Contraste con el comportamiento de Jesús ante la adúltera


La diferencia resulta evidente, cuando comparamos la actitud y el com­portamiento de Mahoma, dando curso a la violencia, con el comporta­miento y la actitud de Jesús impidiendo la violencia contra una mujer adúltera. El episodio lo narra el evangelista Juan:


«Jesús se fue al monte de los Olivos.

Al alba, se presentó de nuevo en el templo y acudió a él el pueblo en masa; él se sentó y se puso a enseñarles.

Los letrados y los fariseos le llevaron a una mujer sorprendida en adulterio y, poniéndola en medio, le dijeron:

– Maestro, esta mujer ha sido sorprendida en flagrante adulterio; en la Ley nos mandó Moisés apedrear a esta clase de mujeres; ahora bien, ¿tú qué dices?

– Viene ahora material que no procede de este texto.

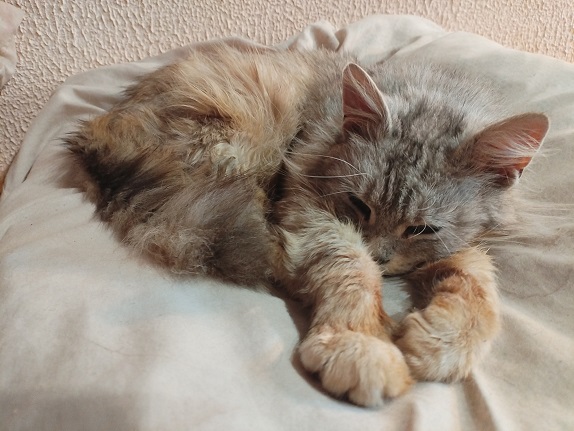 2024г. Ты то со мной, то без меня. 1017с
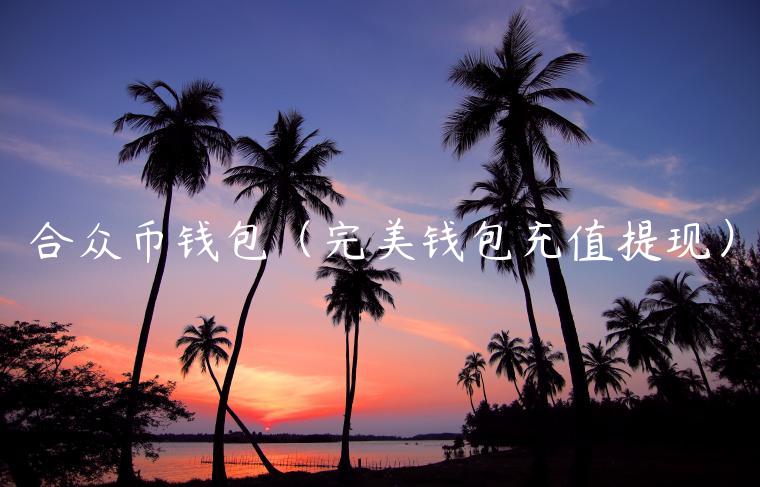 合众币钱包（完美钱包充值提现）-第1张图片-火必下载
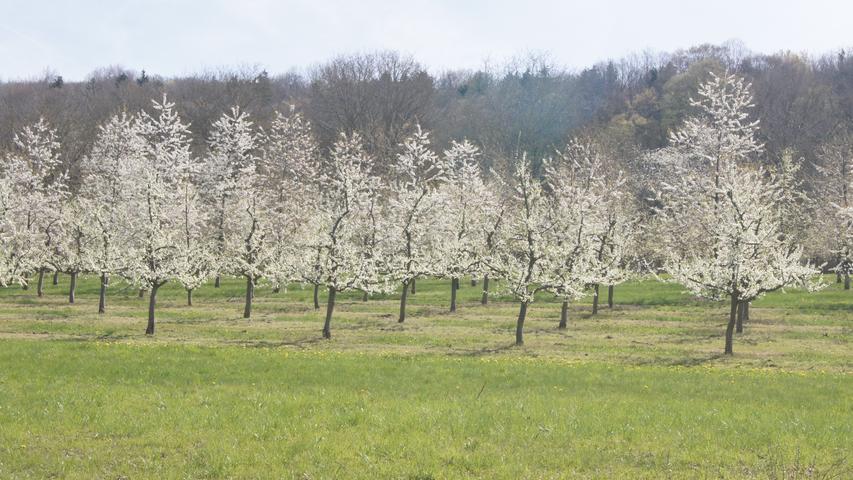 Fränkische Schweiz: Die Zeit der Kirschblüte in Pretzfeld und Umgebung hat begonnen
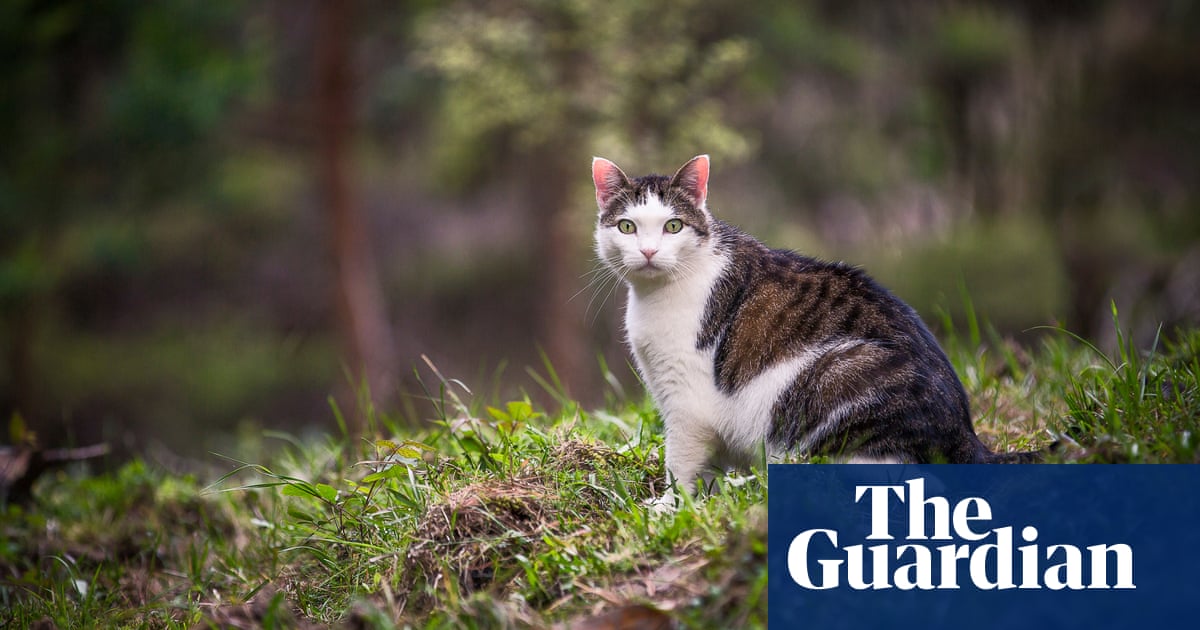 New Zealand feral cat hunting competition for children prompts backlash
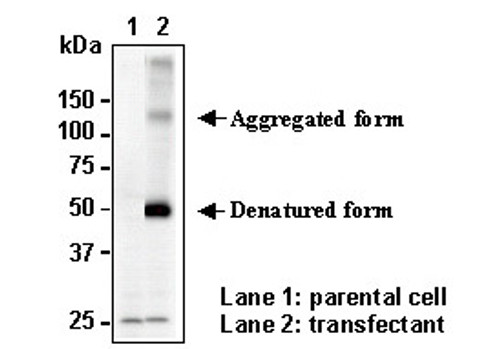 Anti-SLC7A8 (LAT2) (Human) pAb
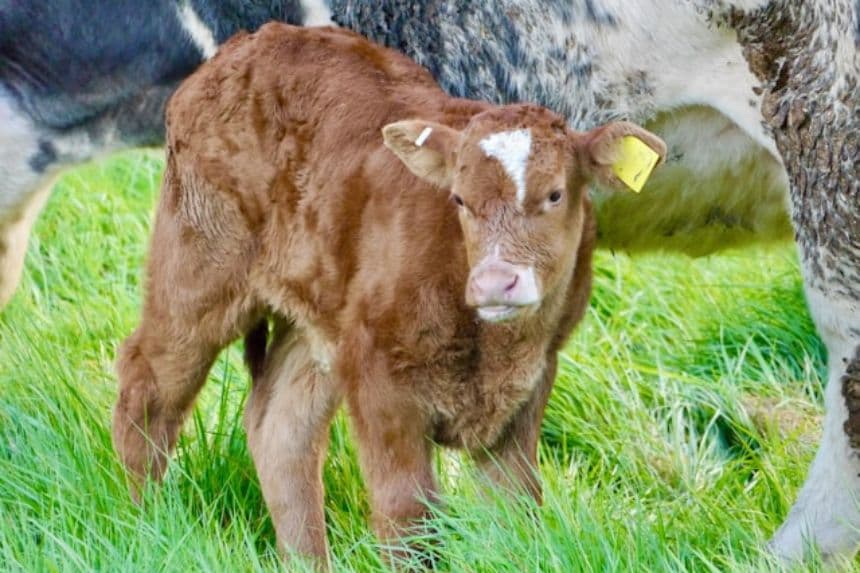 Foto ilustrativa de un becerro. (Jim/ Unsplash)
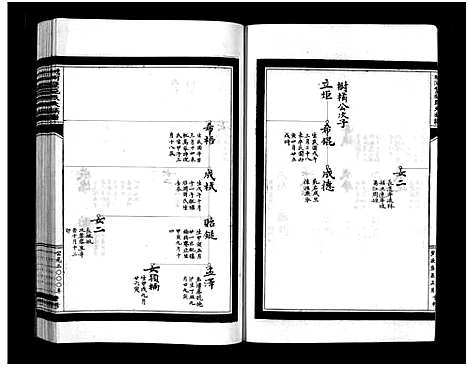 [下载][蟾河施氏大族谱_按房分册]浙江.蟾河施氏大家谱_三.pdf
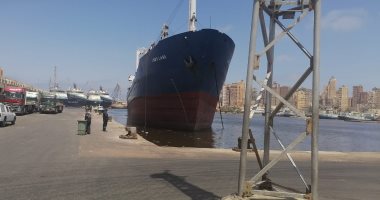 ميناء الإسكندرية يواصل أعمال تطهير وتعقيم السفن والأرصفة لمواجهة كورونا (صور)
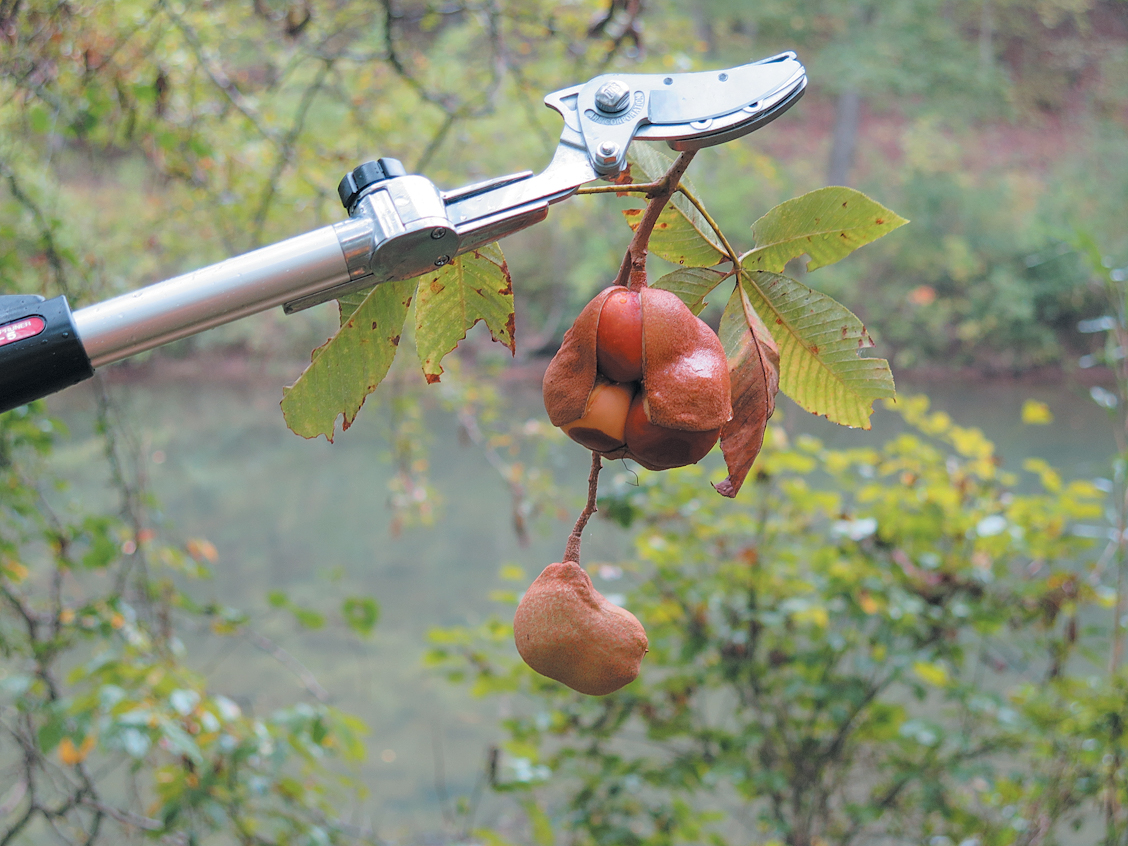 Photo of pruners holding fruit and branch of buckeye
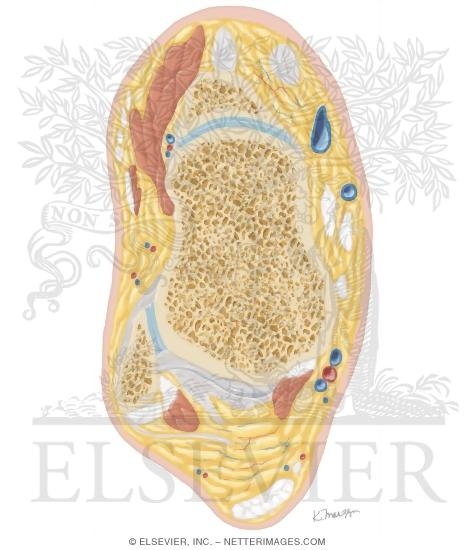 Watermarked preview of unlabeled image: Cross Section of the Ankle and Foot: Axial View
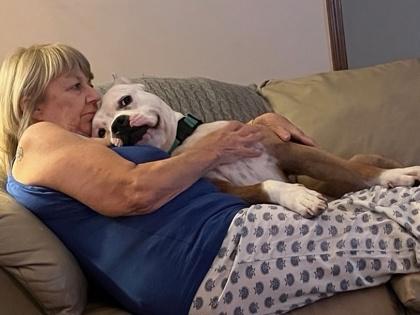 Freddie (in foster), Adoptable, Adult Male American Staffordshire Terrier & Mixed Breed.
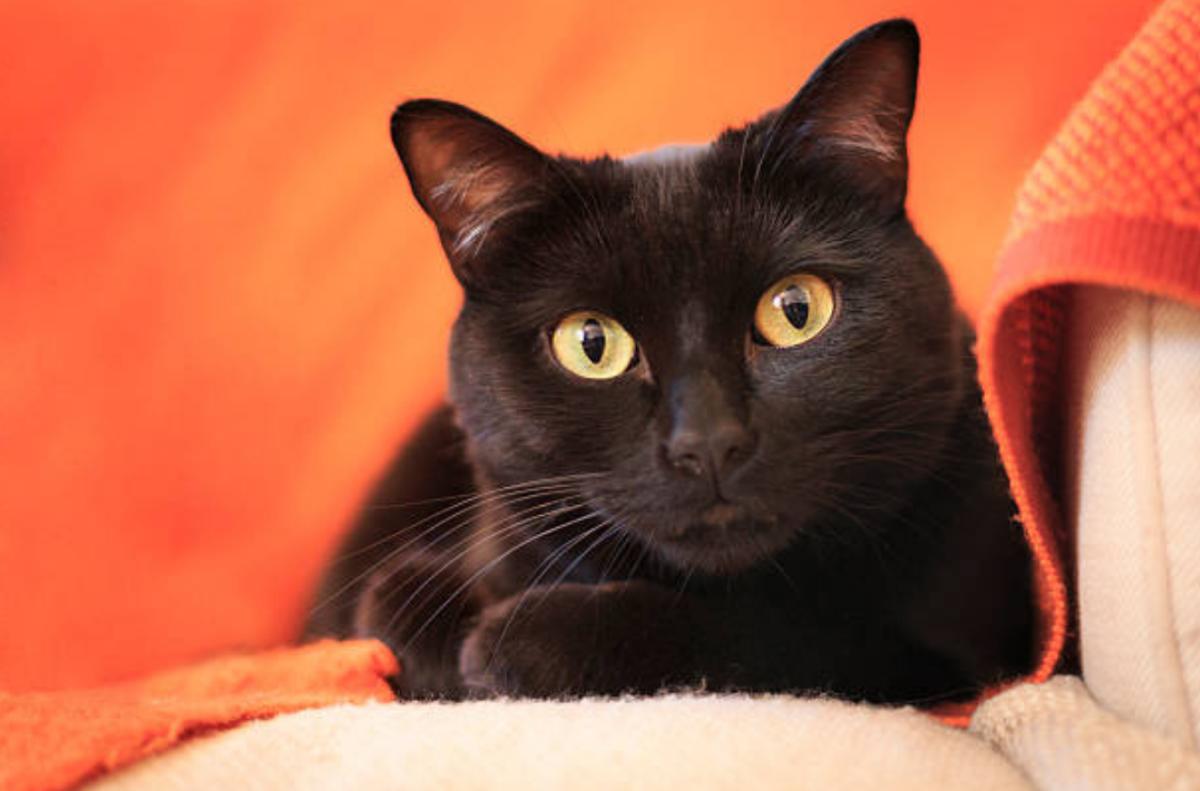 Comportamento di un gatto traumatizzato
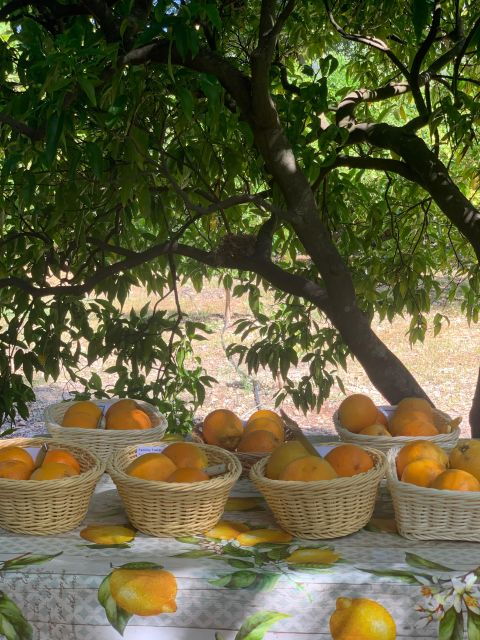 from-palma-soller-valley-walk-and-picnic-in-orange-farm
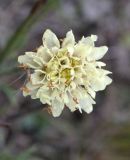 Cephalaria uralensis. Соцветие. Украина, Кировоградская обл., Устиновский р-н, ландшафтный заказник \"Урочище Монастырище\", левый борт долины р. Ингул, петрофитная степь. 05.10.2013.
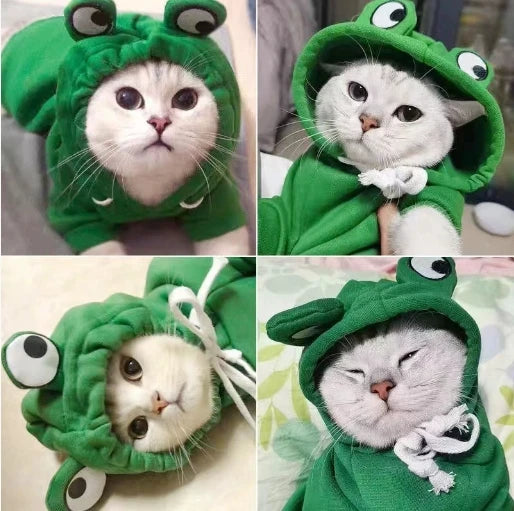 A close-up of a cat wearing a green frog design pet hoodie.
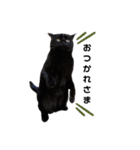 うちの黒猫の福ちゃん(日常会話)（個別スタンプ：1）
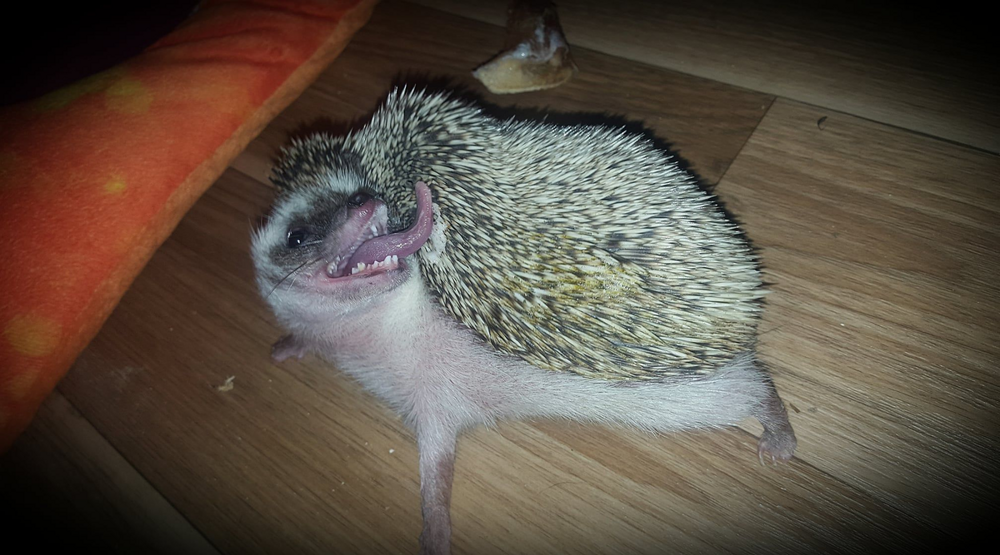 
        Почему сигареты, спирт и&nbsp;духи сводят ежей с&nbsp;ума?    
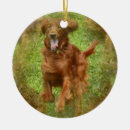 Search for irish setter ornaments Dogs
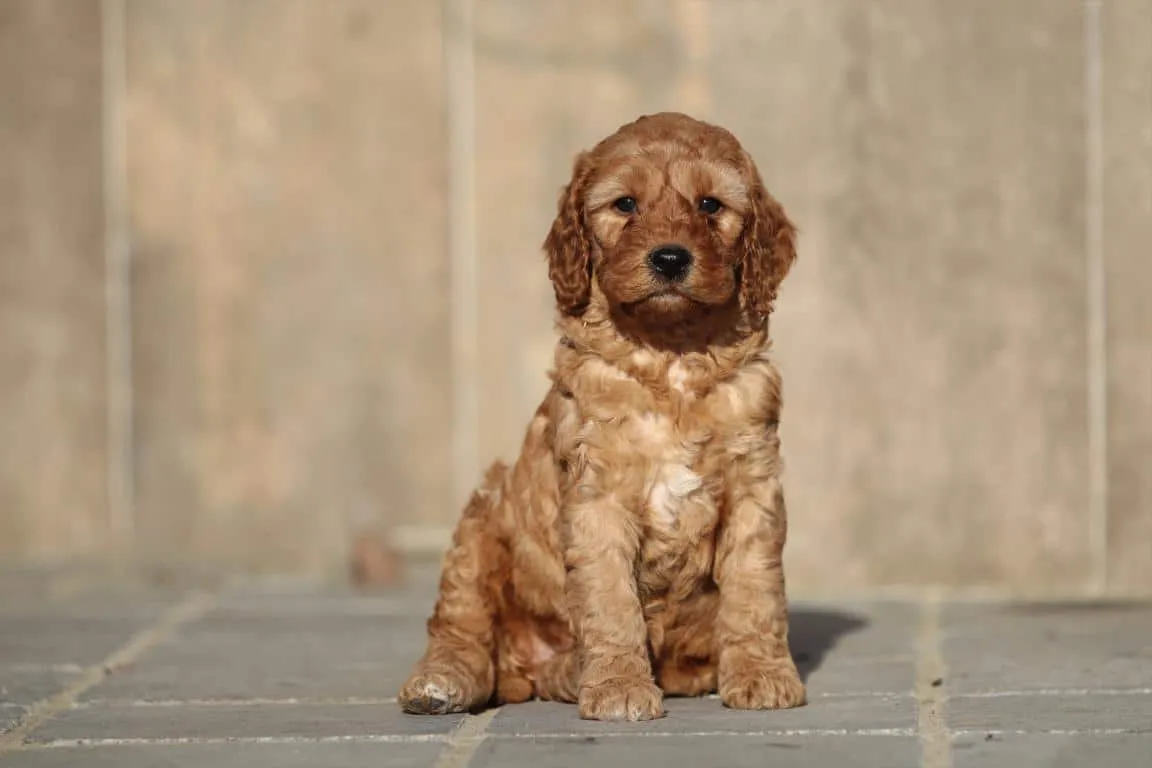 Cockapoo 19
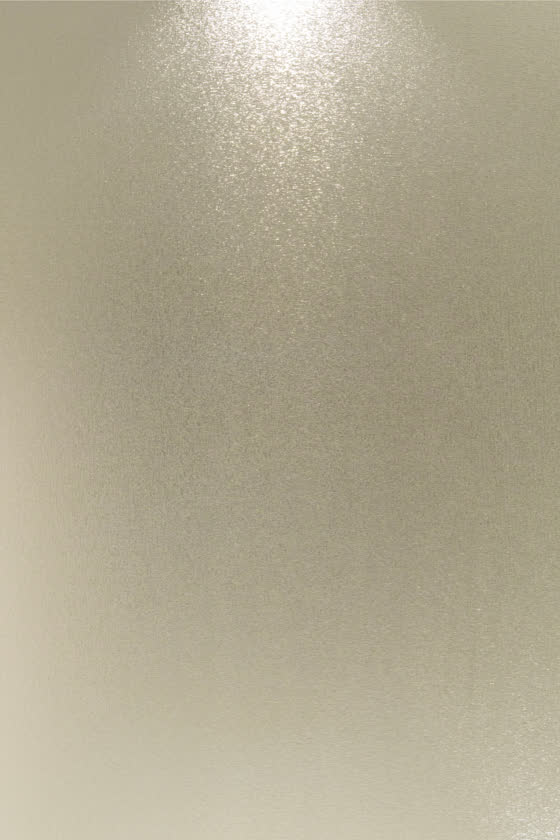 SS-802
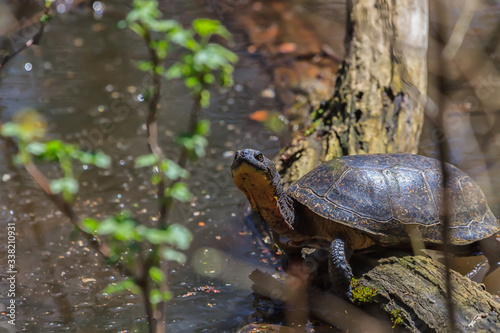 Blanding's Turtle basking on a fallen log. 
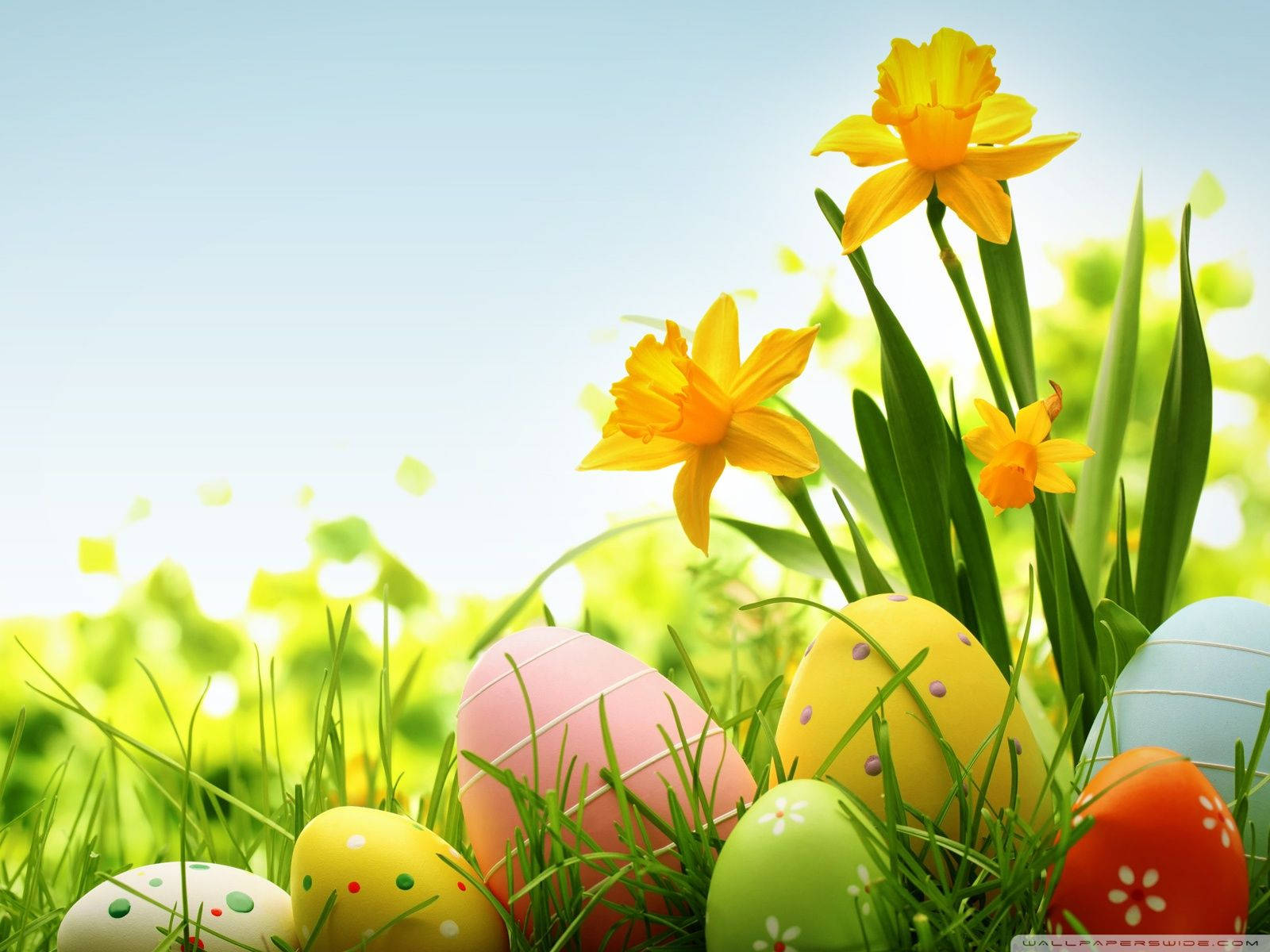 Farverig påsketradition Wallpapers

Esto se lo decían con mala idea, para poder acusarlo. Jesús se agachó y se puso a escribir con el dedo en el suelo.

Como persistían en su pregunta, se incorporó y les dijo:

– Aquel de vosotros que no tenga pecado, sea el primero en tirarle una piedra.

Él, agachándose de nuevo, siguió escribiendo en el suelo.

Al oír aquello, se fueron saliendo uno a uno, empezando por los ancianos, y lo dejaron solo con la mujer, que seguía allí en medio.

Se incorporó Jesús y le preguntó:

– Mujer, ¿dónde están?, ¿ninguno te ha condenado?

Respondió ella:

– Ninguno, Señor.

Jesús le dijo:

– Tampoco yo te condeno. Vete y, en adelante, no vuelvas a pecar» (Evan­gelio de Juan 8,1-11).


Resulta imposible negar que las dos figuras contrapuestas repre­sen­tan arquetipos opuestos de actitudes ante la vida, encarnan el espíritu de dos religiones y civilizaciones incompatibles entre sí. El mensaje de Jesús llama a tomar la cruz y seguir su mandamiento del amor, con la ins­pi­ración del Espíritu, que sopla donde quiere. El mensaje de Mahoma conmina a los creyentes a tomar la espada e imitar al profeta, luchando para imponer por la fuerza el sometimiento a la inmutable Ley islámica.


En última síntesis, Mahoma, elevado de la historia al mito, constituye el único fundamento del islamismo. Su figura quedó incrustada en la abi­garrada taracea de las suras coránicas y, a partir de ahí, fue replicada hasta el paroxismo en las distintas fuentes de la tradición, como en un juego de espejos infinitos que, una vez decretado el punto final de la revelación y el cierre de la interpretación, produce la ilusión metafísica de poder cancelar el tiempo de la historia humana.